Se Calcutta e Pop X avessero un figlio, sicuramente sarebbe Diego De Gregorio, in arte San Diego. Uscito da pochissimo dalla scena indie elettronica romana, si sa ben poco di lui, solo quattro brani su Youtube ed una pagina senza informazioni su Facebook. La vaporwave è un genere musicale che usa i vecchi suoni anni ’80, decontestualizzandoli e riadattandoli al periodo in cui viviamo – qualcuno potrebbe definirla “musica nostalgica” – accompagnato dalle geometrie no-sense della a e s t e t h i c. Il genere, in Italia, ha come unici esponenti persone che prendono vecchie sigle dei cartoni animati, pubblicità, telefilm sempre del periodo 80’s trasformando le melodie e le immagini fino a fargli perdere totalmente il senso iniziale e quello finale. La vaporwave a lato pratico non dà all’ascoltatore informazioni dirette ma solo tracce di feels costanti.
Fatte queste premesse – e dato per scontato che la musica indipendente cantautorale italiana ormai ha pressoché abbandonato la resistenza e la lotta politica – prendete i testi di Calcutta o dei Thegiornalisti, aggiunge delle sonorità synth e Lo-Fi, dal sapore diciamo ambient, e avrete San Diego.
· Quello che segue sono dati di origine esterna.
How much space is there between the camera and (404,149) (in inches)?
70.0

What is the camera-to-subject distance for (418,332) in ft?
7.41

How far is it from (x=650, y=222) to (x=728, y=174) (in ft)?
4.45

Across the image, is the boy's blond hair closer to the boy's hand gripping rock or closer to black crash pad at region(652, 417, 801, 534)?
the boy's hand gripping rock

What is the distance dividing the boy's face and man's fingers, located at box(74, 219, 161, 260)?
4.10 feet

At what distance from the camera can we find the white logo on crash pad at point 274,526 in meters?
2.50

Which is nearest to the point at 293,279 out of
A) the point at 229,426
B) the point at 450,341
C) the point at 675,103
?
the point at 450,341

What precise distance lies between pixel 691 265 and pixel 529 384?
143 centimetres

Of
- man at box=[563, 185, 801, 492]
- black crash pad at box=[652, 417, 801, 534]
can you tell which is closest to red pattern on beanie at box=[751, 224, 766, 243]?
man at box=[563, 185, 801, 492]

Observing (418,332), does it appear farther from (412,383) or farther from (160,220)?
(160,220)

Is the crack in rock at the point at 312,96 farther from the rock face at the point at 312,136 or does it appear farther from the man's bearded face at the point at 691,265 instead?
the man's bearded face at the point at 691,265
Le sue quattro canzoni, che non sono considerabili né un album e né un singolo, essenzialmente non parlano di assolutamente nulla di diverso rispetto ai Thegiornalisti o Dente, e allora perché rispetto è più interessante a chiunque altro nella scena indipendente in questo momento?
Perché, musicalmente parlando, ciò che crea non è a tutti i costi pretenzioso o velatamente spocchioso: rimane una musica leggera e allo stesso tempo più moderna di quello che passa oggi. Sopratutto, non c’è la pretesa nelle sue canzoni di importi con la forza quello che vuole comunicare: il modo in cui sono mixati i brani fa sì che le parole e la musica stiano allo stesso piano e che l’una non superi l’altra.
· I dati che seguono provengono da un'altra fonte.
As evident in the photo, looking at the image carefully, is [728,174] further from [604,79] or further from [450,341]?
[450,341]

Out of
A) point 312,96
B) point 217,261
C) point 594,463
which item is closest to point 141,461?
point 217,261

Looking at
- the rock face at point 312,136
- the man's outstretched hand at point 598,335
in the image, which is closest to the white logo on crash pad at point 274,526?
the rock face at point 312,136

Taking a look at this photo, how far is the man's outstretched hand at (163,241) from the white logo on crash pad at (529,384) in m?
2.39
Semplicemente, San Diego lo si può ascoltare in tre modi: il primo, facendo caso unicamente ai testi, e perdendo inevitabilmente tutto il contesto strumentale. O lasciando perdere le parole, concentrandoti unicamente sui campionamenti e le melodie. Oppure fregandotene di entrambe le cose. Ed è questo il motivo per il quale è apprezzabile, perché ti lascia questa possibilità di scelta, il modo in cui puoi anche ascoltarlo, senza vincolare l’ascoltatore a ricevere o a recepire per forza un messaggio o a scavare dentro la sua semantica.
San Diego è riuscito a prendere una moda che ormai nel resto del mondo sta svanendo (calcolando che son passati quasi 10 anni dal suo inizio) e a portarla nel contesto nostrano, abbandonando le vecchie strumentazioni e le vecchie battaglie politiche, facendo semplicemente musica.